▶ _PROBLEM TO SOLVE_
Give again, word for word, the lines below that run from the line with "Locomotive électrique BB" through the line with "Long Sleeve Casual". Drop the pictures.

▶ _DATASET RECORDS_

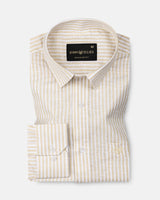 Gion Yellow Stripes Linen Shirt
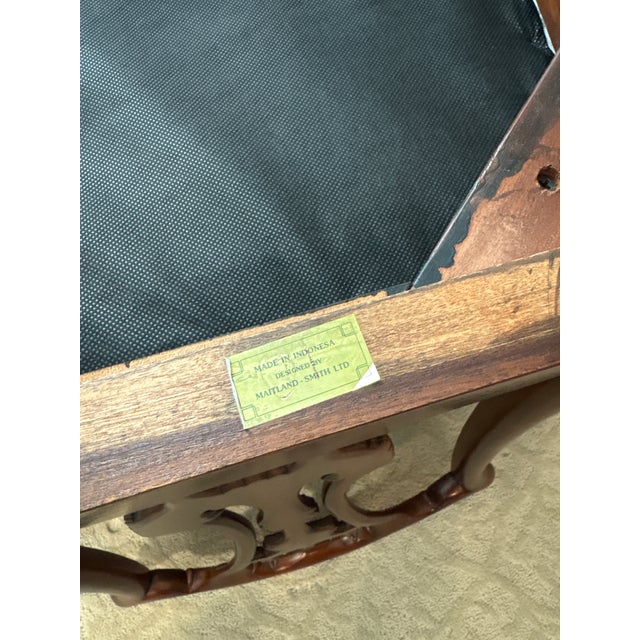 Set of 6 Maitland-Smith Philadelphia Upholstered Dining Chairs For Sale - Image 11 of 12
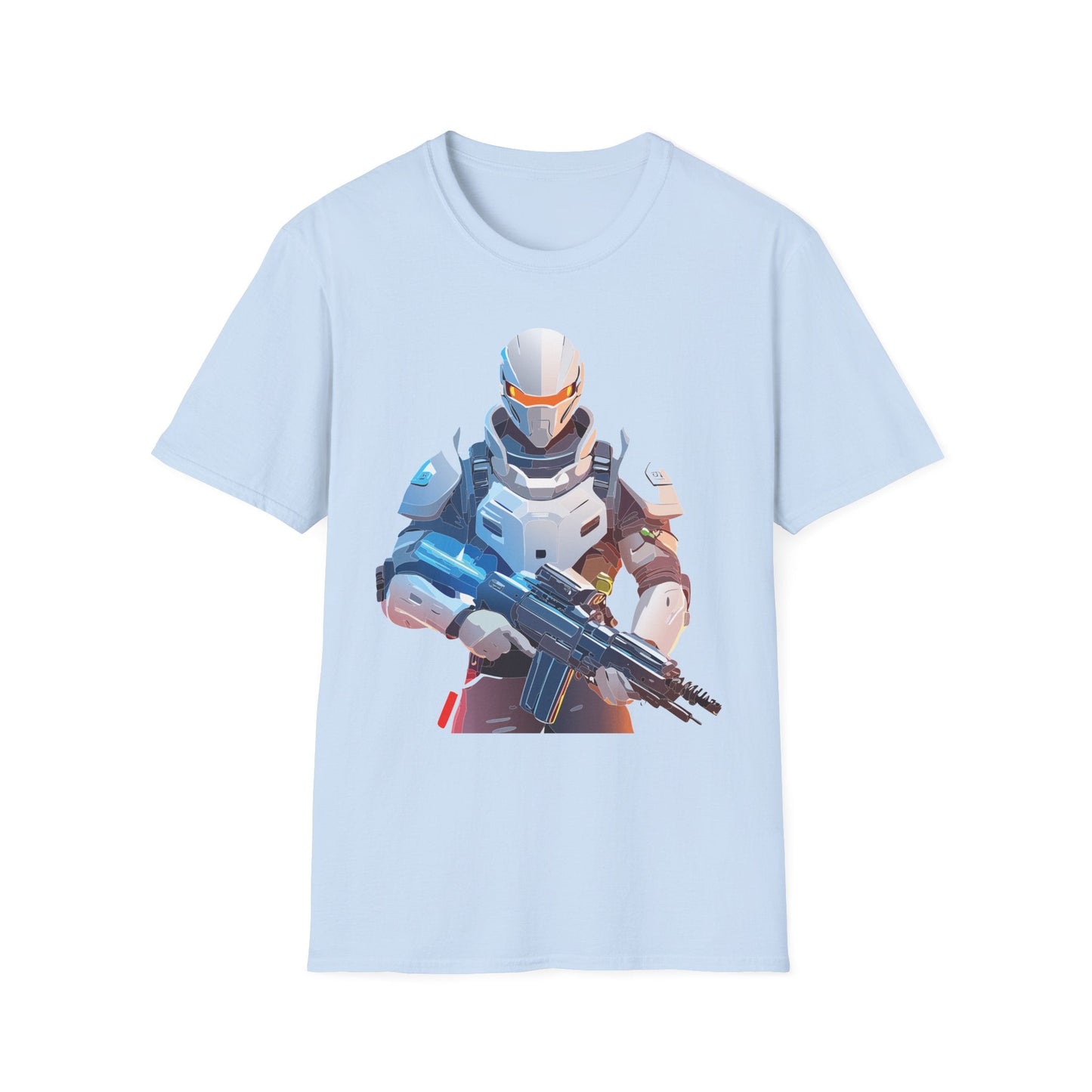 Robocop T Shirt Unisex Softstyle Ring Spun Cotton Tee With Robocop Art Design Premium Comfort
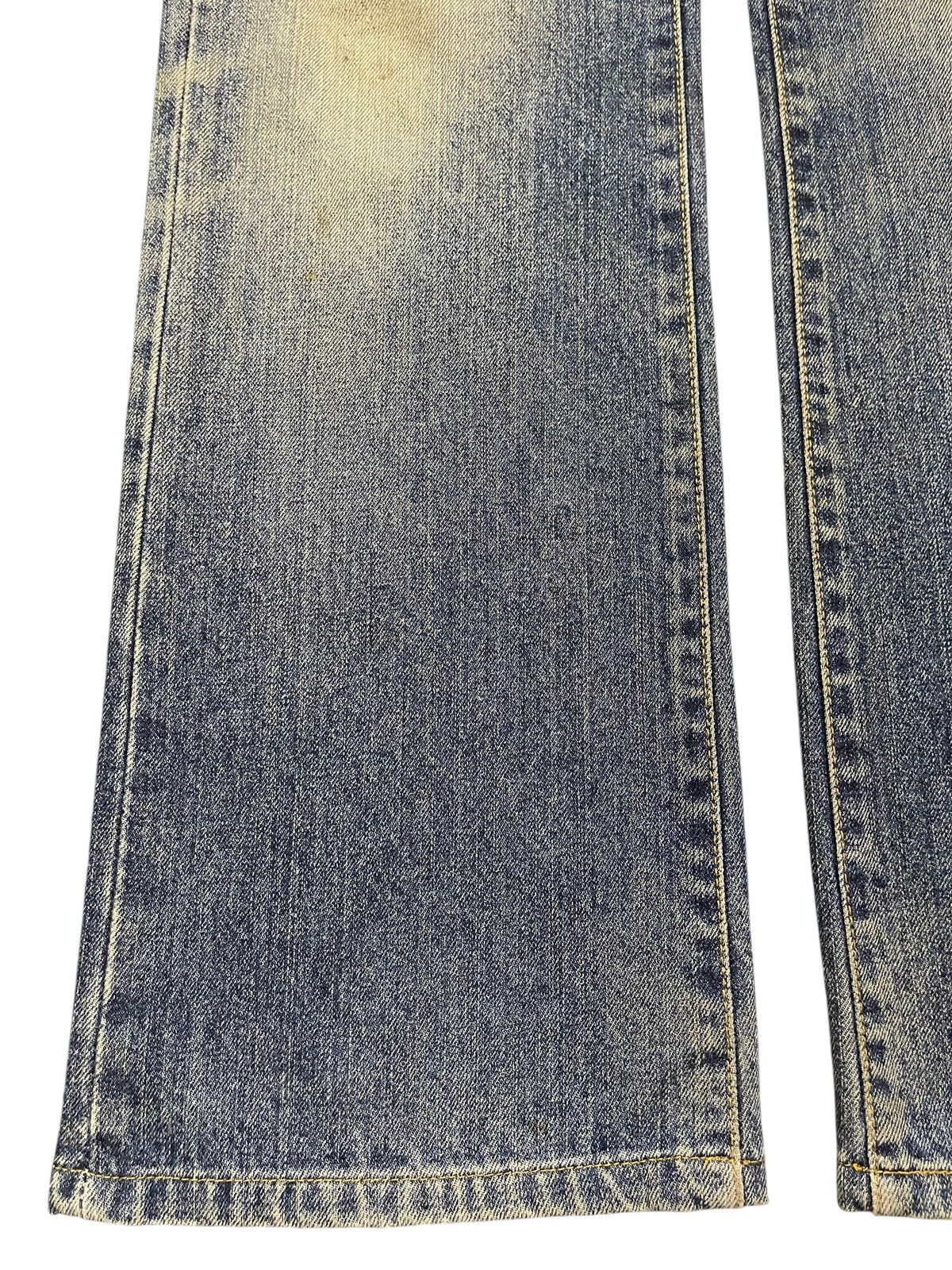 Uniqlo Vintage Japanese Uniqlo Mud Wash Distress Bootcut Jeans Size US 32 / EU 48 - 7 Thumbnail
...
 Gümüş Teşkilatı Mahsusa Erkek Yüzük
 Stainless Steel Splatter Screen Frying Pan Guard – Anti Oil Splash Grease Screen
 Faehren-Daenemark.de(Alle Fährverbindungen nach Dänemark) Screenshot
* * *
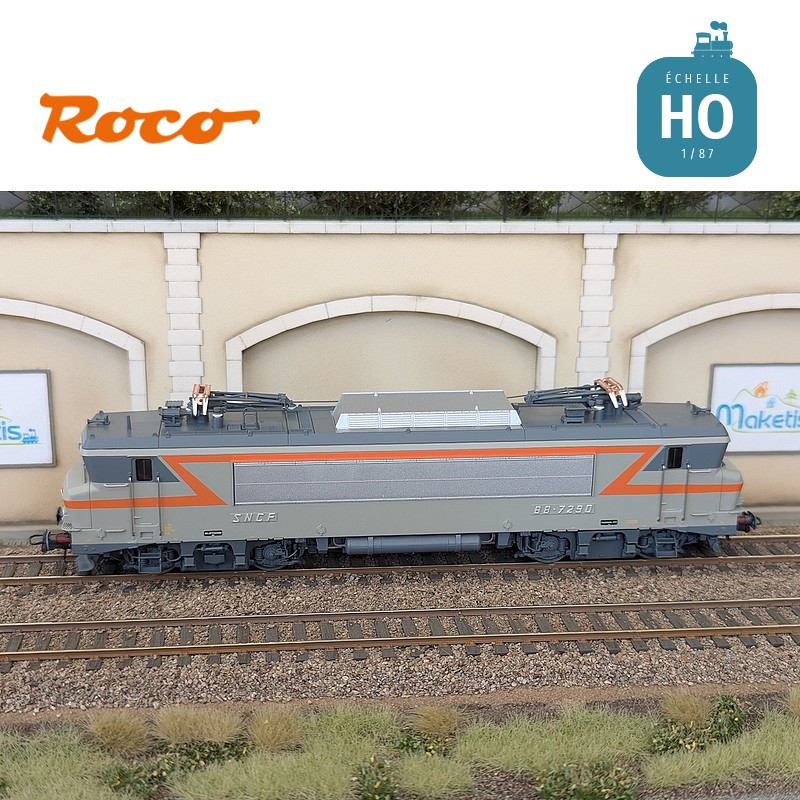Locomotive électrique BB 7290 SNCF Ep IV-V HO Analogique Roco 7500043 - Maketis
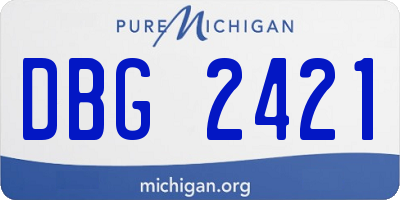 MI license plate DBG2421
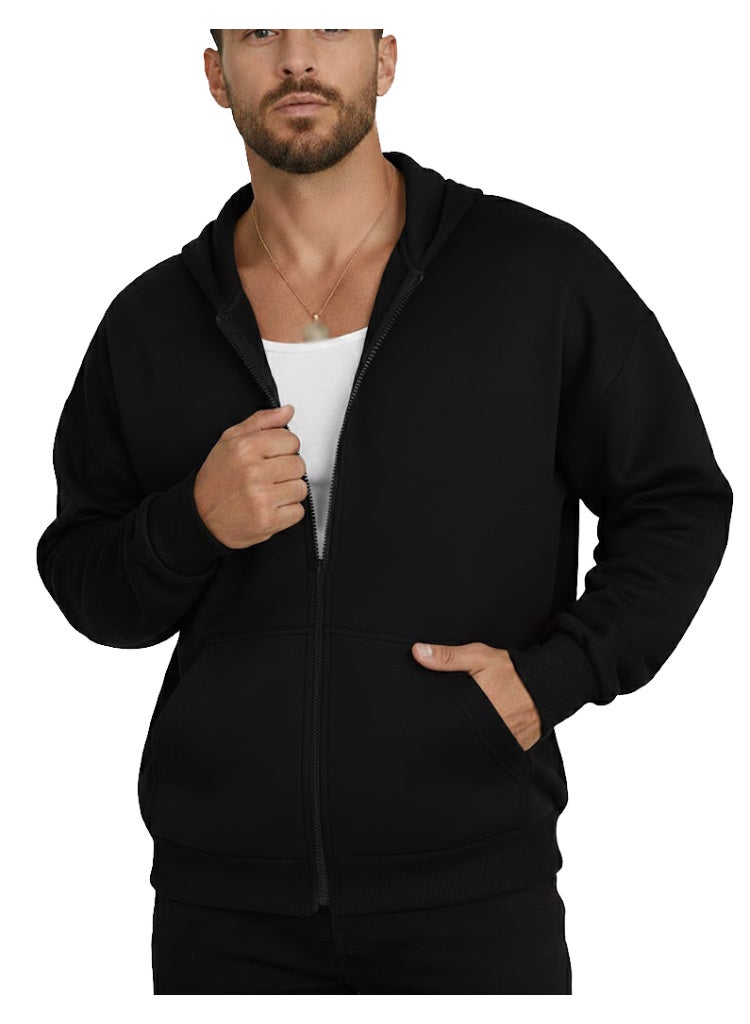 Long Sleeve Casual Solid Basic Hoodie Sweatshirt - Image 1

▶ _RESPONSE AREA_
Locomotive électrique BB 7290 SNCF Ep IV-V HO Analogique Roco 7500043 - Maketis
 MI license plate DBG2421
 Long Sleeve Casual Solid Basic Hoodie Sweatshirt - Image 1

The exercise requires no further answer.